身上带着淡淡烟草的味道,习惯了还是很好闻的。
这个说话行为举止都有点痞的女人为什么要保镖呢?
第一次遇见一个人,没有被自己的身份影响,她虽然说话有点让他不习惯,但是眼神却很舒服,没有敬畏没有经过修饰的样子,很直接。
而且,还有一双温暖的手。
突然有点嫉妒那个年轻的警官,他也想被那只手揉揉头发,那么爽朗地被笑着说“喜欢”的……
等到他回过神来的时候发现已经10:57了,是不是要叫她起来啊?不过她看起来很累的样子,昨天一晚上也没有睡,3个小时够不够啊?
可是不叫起来是不是管家拉菲尔又会不满意?
怎么办……
其实沈醉已经被生物钟唤醒了,她看着盯着钟表来回无措转来转去、好像一只金毛苏格兰牧羊犬的诺姆,觉得这个王子还是挺有意思的,他非要坚持和自己握手一直等到12点,还以为是个很古板的那种贵族呢!
怎么办,已经10:59了!诺姆还在叫与不叫之间挣扎,沈醉已经坐了起来,伸个懒腰,“果然还是床比较舒服啊!”
“你醒啦?”诺姆隐隐松了口气,这下就不需要为难了。
“嗯,谢谢殿下你的床了。”她坐起来穿上鞋,“你所有的日程是不是都在那个秘书那里啊?”
“嗯,如果你要看的话,我的电脑里也有。”诺姆拿过自己的电脑打开日程表给她看,上面密密麻麻一大片,看得沈醉直头痛。
“喂,你才17吧?给你安排这么紧,你不用上学吗?”
“平时也没有这么紧,这次比较特殊啦。”其实他已经上大一了。
“连休息时间都这么点,会不长个子的啦,你是王子还是童工啊?”预计30天的行程满得吓人啊!
她坐在床上一边翻看着行程一边抓过诺姆特意放在那里的三明治吃了起来,脑子里想着怎么安排一下自己的行动。
诺姆看着吃东西的她又松了一口气,他就觉得那么累一定会饿,就特意叫了三明治,果然没有做错。
“那个,我一定还会再长的!”老说他不长个子,拿他当小孩子看。
“嗯嗯,知道了知道了。”沈醉随口应了一句,用拇指擦一下嘴角的美乃滋,又伸出舌头舔掉手上的,转手又拿起了一边放着的水喝了下去。
这……管家看到一定会尖叫的!这么没教养的举动……却分外的……让他觉得脸红……
正文 第二章 可不可以不要……
中午12:30,长都大酒店,市长出席的欢迎会。
一旦开始工作,沈醉就收起了所有的不羁,将枪装进肩带里,在脚腕处绑好匕刀,戴上通讯器,非常专业地将人员排开。
一路到达指定地点,全神贯注地注意着每一分动静,让管家刮目相看,就连那个老是面无表情的秘书也带上佩服的神色,小任更是激动得要死,终于可以和自己的偶像一起工作了!
一下车,迎接着王子殿下的就是长枪短炮以及数不清的话筒,各国总统经常来已经不稀罕了,而这个被全球网民评为“最英俊的王子”,这才是大新闻,几乎所有的媒体都派出了记者进行采访。
在一片快门声中,诺姆非常配合地摆了几个姿势就准备进去,却不想记者们完全不满足,依旧往上挤,大有要冲破保镖人防线的架势!
沈醉一把将他拉进自己怀里,右手挡着不断伸过来的话筒带着他飞快地进了酒店大厅。
她伸出手比划一下,保全人员立刻将记者全部拦在了门外,然后根据宴请名单一个一个把关放人,有些失控的场面顿时得到了控制。
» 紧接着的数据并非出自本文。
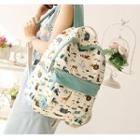 Animal Patterned Canvas Backpack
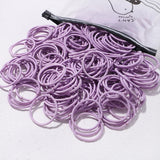 50PCS Macaron Rubber Band Hairband Headband High Elastic Durable Hair Ring Tied High Ponytail Women's Kids Hair Headwear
“没问题吧?”她整了一下诺姆被挤歪的领带低声问道,“很紧张?”怎么脸红得那么厉害啊?
“是,没有关系的……”是紧张,紧张得要死,不是因为别的,而是因为她刚才的举动。
即使明白是为了工作,但是他就是觉得心跳加快。
“你的秘书和管家做什么去了?”居然要保镖整理仪容啊?!这不是让她分心嘛!
这个时候,管家和秘书正被大李和小任从人群里奋力拉出来,狼狈地“突围”进安全地带。
“喂,你……”拉菲尔不满地瞪着气定神闲的沈醉,再怎么说,他也讨厌这个女人!
“你什么你,我说过了,拿谁的钱办谁的事,金主是他不是你。”倒也不是说不能看在国际关系的分上拉兄弟一把,她就是要给这个眼高于顶的家伙一点教训!
沈醉的话让诺姆心里很不舒服,却不知道究竟是什么地方不舒服,心里有种胀胀的感觉……
“……有幸……莅临本市,”市长笑容可掬地迎上来,能接待王子是他的荣幸,有些颤抖地伸出了手。
“握手”?这个他知道的!诺姆有些兴奋地刚想伸出自己的手……
拉顿推一下眼镜,“不好意思,请使用王室的礼仪,不要握手。”
市长这才想起之前的“注意事项”,忙抽回了自己的手,标准地鞠了一躬,自己怎么一激动就忘记了,这可是王室啊!
诺姆有些僵硬地点了点头,本来,他知道那是什么的……
在一长串冗长的欢迎致辞之后,终于各方人员都可以品尝美食了,众人都是赶紧吃,因为等一下还有记者招待会。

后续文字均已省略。